A fitting farewell
THEY say the measure of a man is not how he died but how he lived.
In the case of Graham ‘Polly’ Farmer, while his feats on the football field helped him transcend the game, it was his kindness and desire to inspire others that defined him as one of Australia’s true legends.
Family, friends, fans and everyone in between gathered at Optus Stadium in Burswood on Monday to pay tribute to Polly’s life, at the first State funeral to be held for a footballer in WA.
Almost 1500 people squeezed into the River View Room, with more in the stadium’s grandstands.
The service itself was a celebration of a man whose impact extended far beyond the realms of sport.
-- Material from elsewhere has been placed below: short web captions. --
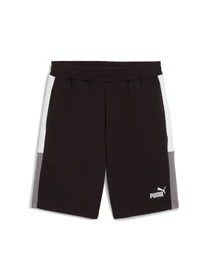 Шорты PUMA Ess Block Shorts модель 684690 Фото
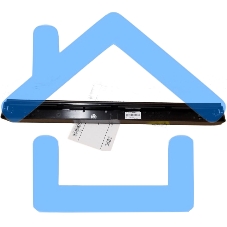 Аксессуар для серверного оборудования PANEL SET 1U 25R5559 LENOVO Аксессуар для серверного оборудования PANEL SET 1U 25R5559 LENOVO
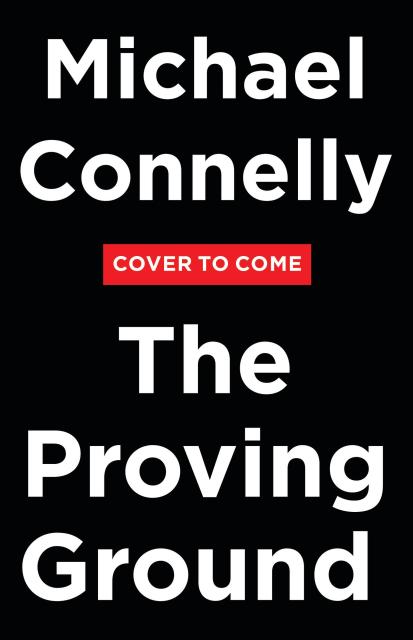The Proving Ground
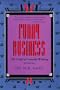 Funny Business: The Craft of Comedy Writing Second Edition
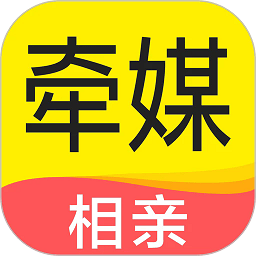 华体会国际:打造精彩赛事体验的首选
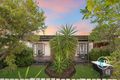 Property photo of 48 Tyrrell Street Gulliver QLD 4812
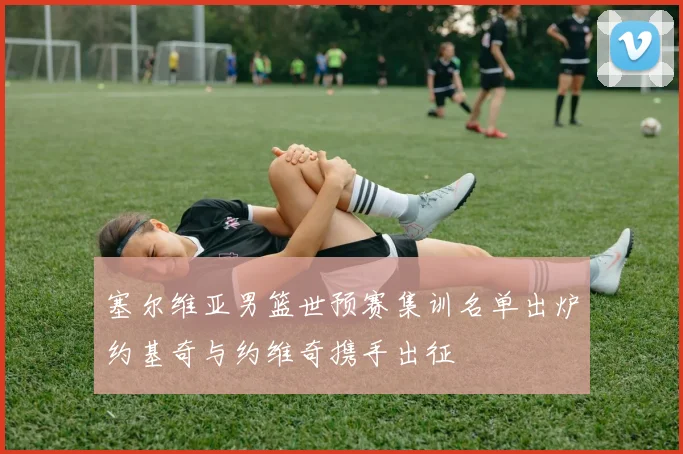塞尔维亚男篮世预赛集训名单出炉约基奇与约维奇携手出征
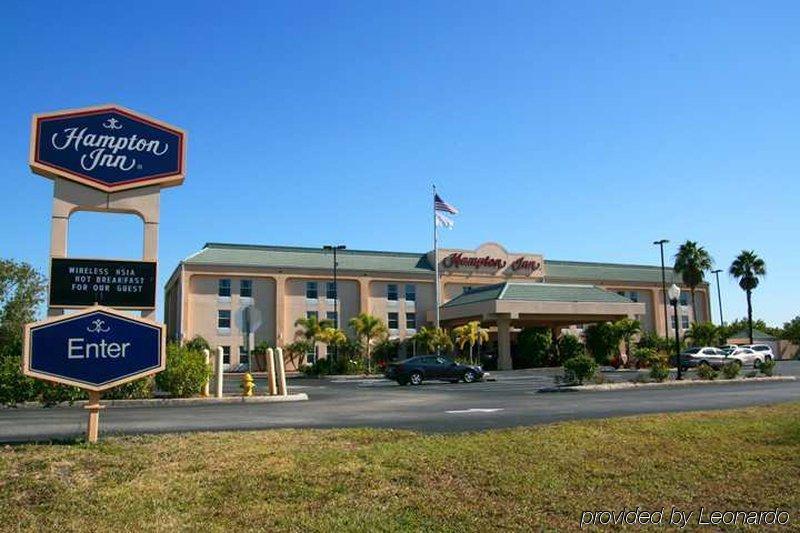 Hampton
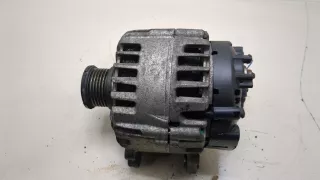 03L903023KX Генератор Skoda Octavia A7 Арт 20270346, вид 1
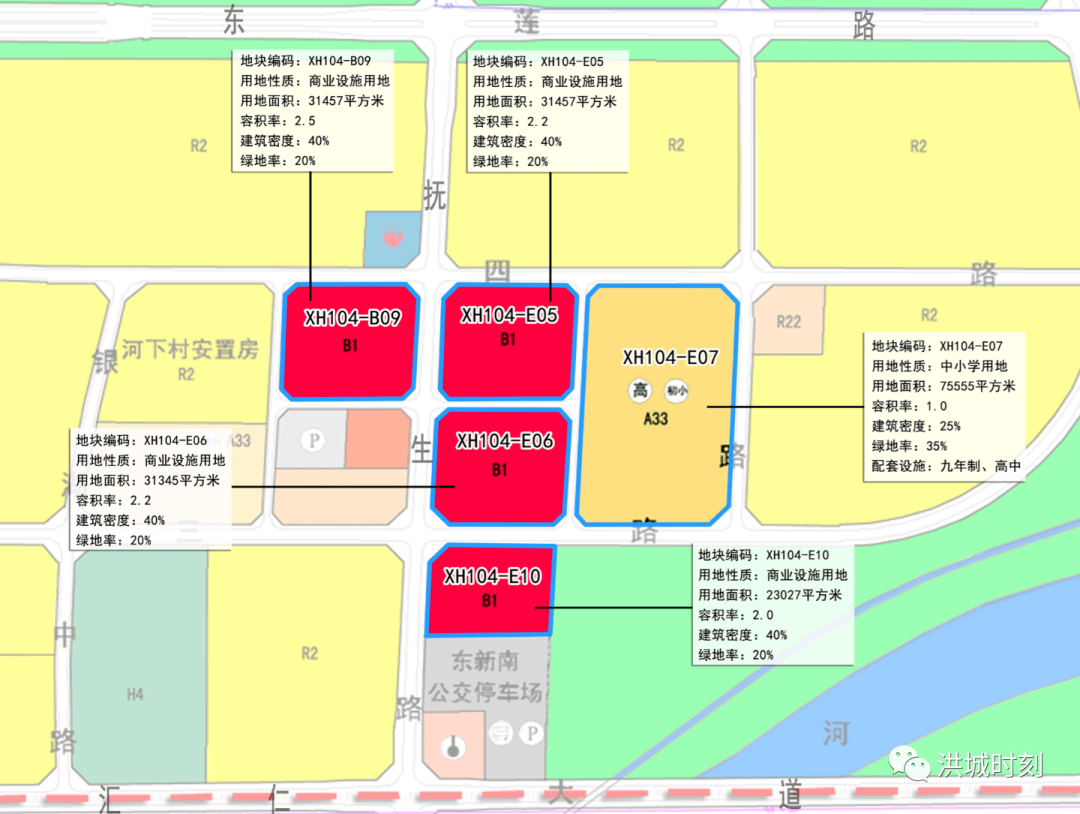 财会人才信息网招聘，构建企业与人才的桥梁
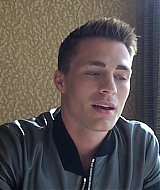 2012-SDCC-Interview-358.jpg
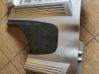 Moottorin koppa 057103935B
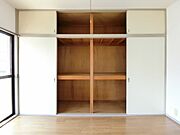 図面と現状に相違がある場合には現状を優先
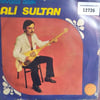 sivasli-asik-ali-sultan-yurdum-viran-o-35-359.jpg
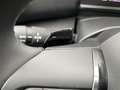 Citroen C4 X 1.2  - 130 cv S\u0026S - BV EAT8  Shine + toit Rot - thumbnail 14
“We’re in the company of a champion,” master of ceremonies Russell Woolf said.
Treasurer Ben Wyatt spoke of how the Polly Farmer Foundation had inspired Aboriginal people to fulfil their potential in the face of challenges.
“He changed the way Aboriginal people felt about themselves,” he said.
“I suspect why so many are here today is because of what he did with his greatness off the field.”
The foundation’s vicepresident Fred Cheney said Farmer once told him “there’s a lot of good jobs in Australia, but I don’t see many Aboriginal people holding them”.
Mr Cheney pledged the foundation would continue to deliver Farmer’s vision of helping Aboriginal people access a quality education to set them up for life, just as he had at Sister Kate’s in Queens Park.
Farmer’s daughter Kim said her father was a caring dad whose love of football was dwarfed only by his love for his family.